Let \({\mathscr {A}}\) be a \(C^*\)-algebra, let \({\mathscr {R}}\) be a \(*\)-subalgebra of \({\mathscr {A}}\), let X be a topological linear space, and let \(\varPhi :{\mathscr {R}}\rightarrow X\) be a linear map. Suppose that the polynomial \(P:{\mathscr {R}}\rightarrow X\) defined by \(P(x)=\varPhi (x^m)\)\((x\in {\mathscr {R}})\) is continuous and that \({\mathscr {R}}\) satisfies the following conditions:

  1. (i)

    \(\vert x\vert \in {\mathscr {R}}\) for each \(x\in {\mathscr {R}}_{\mathrm{sa}}\);

  2. (ii)

    \(x^{1/m}\in {\mathscr {R}}\) for each \(x\in {\mathscr {R}}_+\).
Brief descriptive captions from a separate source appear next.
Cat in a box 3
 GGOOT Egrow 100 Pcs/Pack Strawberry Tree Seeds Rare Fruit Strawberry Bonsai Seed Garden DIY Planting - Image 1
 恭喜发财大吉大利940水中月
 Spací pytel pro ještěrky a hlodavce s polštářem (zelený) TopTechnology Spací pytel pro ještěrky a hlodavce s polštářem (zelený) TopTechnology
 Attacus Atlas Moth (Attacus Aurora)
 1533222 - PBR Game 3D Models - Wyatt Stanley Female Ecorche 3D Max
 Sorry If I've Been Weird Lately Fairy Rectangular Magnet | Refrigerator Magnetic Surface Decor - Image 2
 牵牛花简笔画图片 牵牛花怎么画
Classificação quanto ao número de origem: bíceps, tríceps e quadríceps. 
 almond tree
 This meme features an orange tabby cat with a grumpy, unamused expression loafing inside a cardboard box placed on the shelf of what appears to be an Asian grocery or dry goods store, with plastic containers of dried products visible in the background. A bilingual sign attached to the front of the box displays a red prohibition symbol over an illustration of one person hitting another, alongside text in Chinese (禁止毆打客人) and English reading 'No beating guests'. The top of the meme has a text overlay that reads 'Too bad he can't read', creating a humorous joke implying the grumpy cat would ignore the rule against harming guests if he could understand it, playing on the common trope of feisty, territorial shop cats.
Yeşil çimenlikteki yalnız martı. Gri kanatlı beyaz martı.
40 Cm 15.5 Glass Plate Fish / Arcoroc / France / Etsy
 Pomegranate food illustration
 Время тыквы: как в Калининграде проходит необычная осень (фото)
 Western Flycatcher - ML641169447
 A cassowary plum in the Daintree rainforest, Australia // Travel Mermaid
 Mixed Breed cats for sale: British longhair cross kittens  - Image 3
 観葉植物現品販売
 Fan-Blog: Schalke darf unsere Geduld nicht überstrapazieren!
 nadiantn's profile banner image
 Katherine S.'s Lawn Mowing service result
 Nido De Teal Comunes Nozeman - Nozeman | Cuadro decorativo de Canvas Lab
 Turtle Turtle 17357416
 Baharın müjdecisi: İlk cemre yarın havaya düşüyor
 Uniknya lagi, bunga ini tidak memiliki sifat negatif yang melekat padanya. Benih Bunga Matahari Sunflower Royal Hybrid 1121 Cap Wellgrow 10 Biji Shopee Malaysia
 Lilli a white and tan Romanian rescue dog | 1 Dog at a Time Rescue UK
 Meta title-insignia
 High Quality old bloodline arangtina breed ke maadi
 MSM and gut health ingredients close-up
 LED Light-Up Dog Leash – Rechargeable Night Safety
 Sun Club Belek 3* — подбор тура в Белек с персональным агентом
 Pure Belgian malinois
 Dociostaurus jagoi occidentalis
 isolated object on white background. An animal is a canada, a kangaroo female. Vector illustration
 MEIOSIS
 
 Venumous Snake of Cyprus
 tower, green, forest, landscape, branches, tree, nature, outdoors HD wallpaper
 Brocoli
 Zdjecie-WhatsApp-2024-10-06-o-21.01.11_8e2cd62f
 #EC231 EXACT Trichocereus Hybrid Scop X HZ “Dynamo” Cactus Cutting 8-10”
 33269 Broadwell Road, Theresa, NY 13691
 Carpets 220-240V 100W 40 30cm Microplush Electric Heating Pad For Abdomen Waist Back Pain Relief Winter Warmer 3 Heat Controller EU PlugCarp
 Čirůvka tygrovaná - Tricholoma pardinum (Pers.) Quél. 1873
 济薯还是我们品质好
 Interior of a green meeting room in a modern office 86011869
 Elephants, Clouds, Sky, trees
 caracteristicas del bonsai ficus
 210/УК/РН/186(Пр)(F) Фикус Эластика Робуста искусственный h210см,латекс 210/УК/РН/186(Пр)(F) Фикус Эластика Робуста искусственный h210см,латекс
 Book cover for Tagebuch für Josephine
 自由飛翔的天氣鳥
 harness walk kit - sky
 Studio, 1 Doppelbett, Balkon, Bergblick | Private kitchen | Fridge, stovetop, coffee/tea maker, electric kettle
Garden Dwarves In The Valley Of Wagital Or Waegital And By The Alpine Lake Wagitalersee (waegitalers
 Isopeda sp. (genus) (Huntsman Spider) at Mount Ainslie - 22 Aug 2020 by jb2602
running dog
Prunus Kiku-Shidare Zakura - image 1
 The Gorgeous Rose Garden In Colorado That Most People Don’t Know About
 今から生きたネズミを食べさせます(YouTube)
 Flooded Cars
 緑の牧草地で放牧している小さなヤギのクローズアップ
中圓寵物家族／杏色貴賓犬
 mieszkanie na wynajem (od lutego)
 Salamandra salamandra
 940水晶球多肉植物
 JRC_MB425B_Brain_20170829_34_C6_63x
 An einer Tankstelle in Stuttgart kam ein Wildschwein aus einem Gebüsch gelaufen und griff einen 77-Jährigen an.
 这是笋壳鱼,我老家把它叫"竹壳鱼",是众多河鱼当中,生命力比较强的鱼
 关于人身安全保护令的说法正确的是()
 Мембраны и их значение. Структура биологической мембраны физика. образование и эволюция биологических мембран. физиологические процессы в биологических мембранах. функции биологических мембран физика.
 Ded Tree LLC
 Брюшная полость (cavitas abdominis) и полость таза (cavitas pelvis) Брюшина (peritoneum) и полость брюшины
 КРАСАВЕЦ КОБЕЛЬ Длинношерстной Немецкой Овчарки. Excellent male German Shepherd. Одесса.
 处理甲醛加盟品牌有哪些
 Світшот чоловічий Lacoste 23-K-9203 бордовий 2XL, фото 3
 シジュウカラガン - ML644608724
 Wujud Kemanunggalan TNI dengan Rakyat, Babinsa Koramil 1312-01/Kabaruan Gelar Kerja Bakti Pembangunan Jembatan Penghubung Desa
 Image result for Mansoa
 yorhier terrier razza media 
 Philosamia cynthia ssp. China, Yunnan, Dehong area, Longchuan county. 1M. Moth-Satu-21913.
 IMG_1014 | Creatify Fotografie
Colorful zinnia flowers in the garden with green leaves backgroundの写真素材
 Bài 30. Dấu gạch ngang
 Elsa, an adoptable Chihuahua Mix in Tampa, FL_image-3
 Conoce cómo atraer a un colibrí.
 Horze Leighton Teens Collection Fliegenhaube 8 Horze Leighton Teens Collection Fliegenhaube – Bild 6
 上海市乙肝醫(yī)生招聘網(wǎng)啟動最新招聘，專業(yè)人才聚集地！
Then \(\varPhi \) is continuous.

Proof

Let U be a neighbourhood of 0 in X. Let V be a balanced neighbourhood of 0 in X with \(V+V+V+V\subset U\). The set \(P^{-1}(V)\) is a neighbourhood of 0 in \({\mathscr {R}}\), which implies that there exists \(r\in {\mathbb {R}}^+\) such that \(P(x)\in V\) whenever \(x\in {\mathscr {R}}\) and \(\Vert x\Vert <r\). Take \(x\in {\mathscr {R}}\) with \(\Vert x\Vert <r^m\). Since \({\mathscr {R}}\) is a \(*\)-subalgebra of \({\mathscr {A}}\), we see that \(\mathfrak {R}x,\mathfrak {I}x\in {\mathscr {R}}_{\mathrm{sa}}\). We write \(\mathfrak {R}x=x_1-x_2\) and \(\mathfrak {I}x=x_3-x_4\), as in the proof of Theorem 1, where, on account of the condition (i),

$$\begin{aligned} x_1&=\tfrac{1}{2}\bigl (\vert \mathfrak {R}x\vert +\mathfrak {R}x\bigr )\in {\mathscr {R}}_+,&x_2&=\tfrac{1}{2}\bigl (\vert \mathfrak {R}x\vert -\mathfrak {R}x\bigr ) \in {\mathscr {R}}_+,\\ x_3&=\tfrac{1}{2}\bigl (\vert \mathfrak {I}x\vert +\mathfrak {I}x\bigr )\in {\mathscr {R}}_+,&x_4&=\tfrac{1}{2}\bigl (\vert \mathfrak {I}x\vert -\mathfrak {I}x\bigr ) \in {\mathscr {R}}_+. \end{aligned}$$

For each \(j\in \{1,2,3,4\}\), condition (ii) gives \(x_j^{1/m}\in {\mathscr {R}}\), and, further, we have \(\Vert x_{j}^{1/m}\big \Vert =\Vert x_j\Vert ^{1/m}\le \Vert x\Vert ^{1/m}<r\). Hence

$$\begin{aligned} \varPhi (x)&= \varPhi \bigl ( \bigl (x_{1}^{1/m}\bigr )^m-\bigl (x_{2}^{1/m}\bigr )^m+i\bigl (x_{3}^{1/m}\bigr )^m -i\bigl (x_{4}^{1/m}\bigr )^m\bigr ) \\&= \varPhi \bigl (\bigl (x_{1}^{1/m}\bigr )^m\bigr )- \varPhi \bigl (\bigl (x_{2}^{1/m}\bigr )^m\bigr )+ i\varPhi \bigl (\bigl (x_{3}^{1/m}\bigr )^m\bigr )- i\varPhi \bigl (\bigl (x_{4}^{1/m}\bigr )^m\bigr ) \\&= P\bigl (x_{1}^{1/m}\bigr )-P\bigl (x_{2}^{1/m}\bigr )+iP\bigl (x_{3}^{1/m}\bigr ) -iP\bigl (x_{4}^{1/m}\bigr )\in V+V+V+V\subset U, \end{aligned}$$

which establishes the continuity of \(\varPhi \). \(\square \)

Theorem 2

Let \({\mathscr {A}}\) be a \(C^*\)-algebra, let X be a locally convex space, and let \(P:{\mathscr {A}}\rightarrow X\) be a continuous m-homogeneous polynomial. Then the following conditions are equivalent:

  1. (i)

    there exists a continuous linear map \(\varPhi :{\mathscr {A}} \rightarrow X\) such that \(P(x)=\varPhi (x^m)\)\((x\in {\mathscr {A}})\);

  2. (ii)

    the polynomial P is orthogonally additive on \({\mathscr {A}}_{\mathrm{sa}}\);

  3. (iii)

    the polynomial P is orthogonally additive on \({\mathscr {A}}_+\).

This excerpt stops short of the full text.